Likewise, the newspaper will take on a slightly different persona, just as it does every year.
But next year’s staff of students and host of readers will be in a unique position, one of reflection and renewal that is important to helping us make sense of the world around us.
This term ends on a sour note: not the high one that students often hit at the end of another year completed. Those who will graduate must remember those who would have, but who were killed last week instead. Those who move on have to think back on those who couldn’t, who weren’t given a choice to do so.
But in this somber time around the country, and especially around college campuses, our lesson to keep in mind should be that tragedy is not the only thing from which we can learn. All too often we feel suddenly sentimental when the unthinkable happens. We mark days in history – Pearl Harbor, 9/11, Columbine and, now and in years to come, Virginia Tech – with moments of silence, wreaths and ribbons honoring our fallen fellows, and rightfully so. But we must also remember the smaller things that can teach us just as much about the human experience.
In the last three years spent working at a university newspaper, the most recent year and a half as editor, I’ve seen a lot of these instances come and go. I’ve been there to cover a lot of them too.
Political pundits and iconoclastic idealists, radical speakers and shock seekers, Ku Klux Klansmen and religious activists, and now bomb-threatening jokesters and package-planting hoaxsters, have all brought their messages to campus. From time to time, they and others bring sensible ideas that perhaps would be good for the masses to hear; but those who tend to get the most attention, fleeting as it is, are of course the most controversial in their thinking. Be it with racism, sexism, rightism or leftism, they rile up students for a day or two, but even the most anger-inciting of these visitors doesn’t stir up the timeless energy that a gunman so many miles away apparently warrants.

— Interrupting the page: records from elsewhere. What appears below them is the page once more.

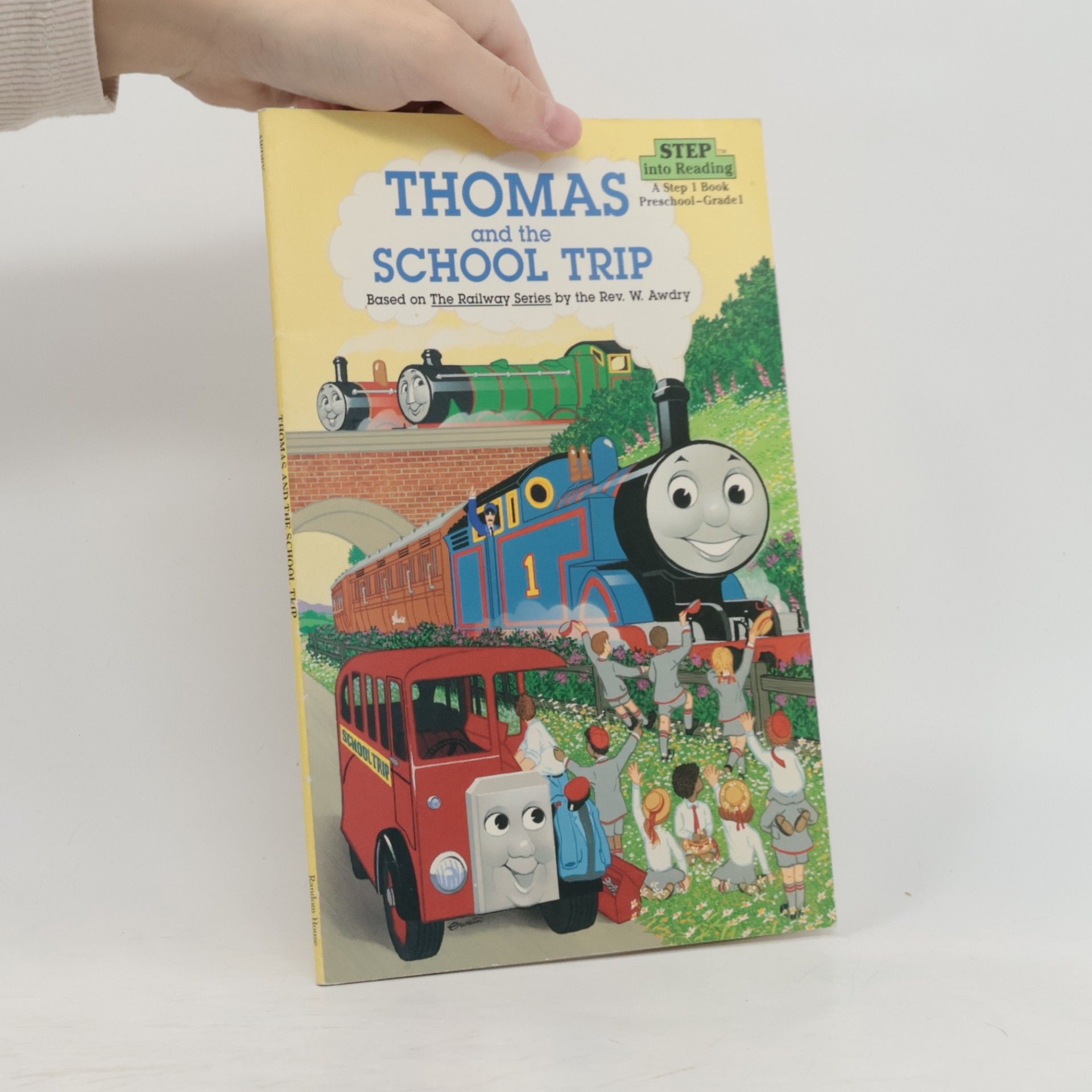 Thomas and the School Trip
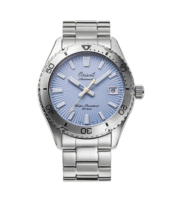 ORIENT RA-AC0Q12L Mechanical Sports Watch, Metal Strap - 39.9mm Limited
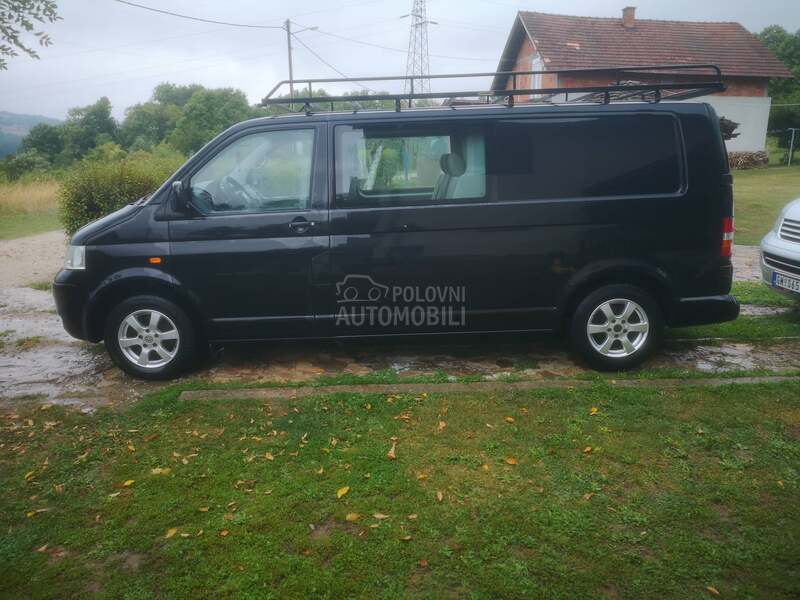 Volkswagen Transporter T5 LONG KOMBINOVANI MIX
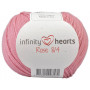 Infinity Hearts Rose 8/4 Garen Unicolour 29 Oudroze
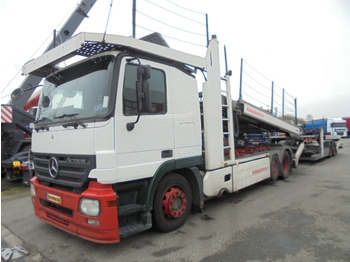 Autotransporter truck Mercedes-Benz ACTROS 2536: picture 1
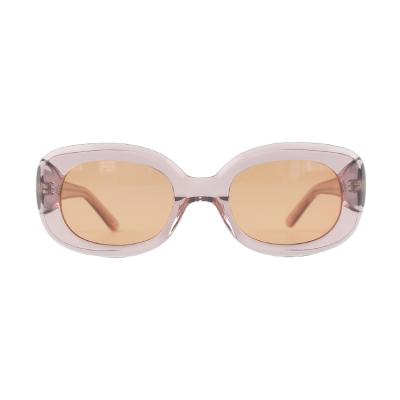 China High End Handmade Fashion Sunglasses Rose Crystal Sunglasses Rendered in Trendy Porcelain Sunglasses for sale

The point that we are missing is that, metal detectors and invasive surveillance aside, there is little that can be done to prevent things like what happened to our Hokie neighbors last week.
But what can be prevented – silencing of our classmates and friends not with bullets and bombs but with hate-filled words and support for such ideas – only gets us moving till something better comes along. College students are known for being active, holding sit-ins and challenging norms, but when it comes down to it these days, we’ll only sit until we can stand for something else, soon just to be distracted to sit again.
If only we focused the same energy with which we’ll surely make a hundred banners and send 10 fold as many cards to be hung on a wall in a Virginia school, maybe we could change something that is actually changeable rather than harping on the inevitable.
So this is my challenge to you, the newspaper staff who will follow after me in reporting on our campus culture and the readers, students of higher thinking, who likewise are part of it:
Stand up and don’t stop standing until your black friends, your Hispanic friends, your Asian friends or your white friends receive the same treatment you do. Stand up and don’t stop standing until your neighbor whose religious beliefs aren’t quite the same as yours doesn’t have to worry about his first amendment rights being trampled. Stand up and don’t stop standing until the person sitting next to you in class has the same rights to marry, have children and be happy as you do. Stand up and don’t stop standing until the person who isn’t in class with you, for whatever reason, is.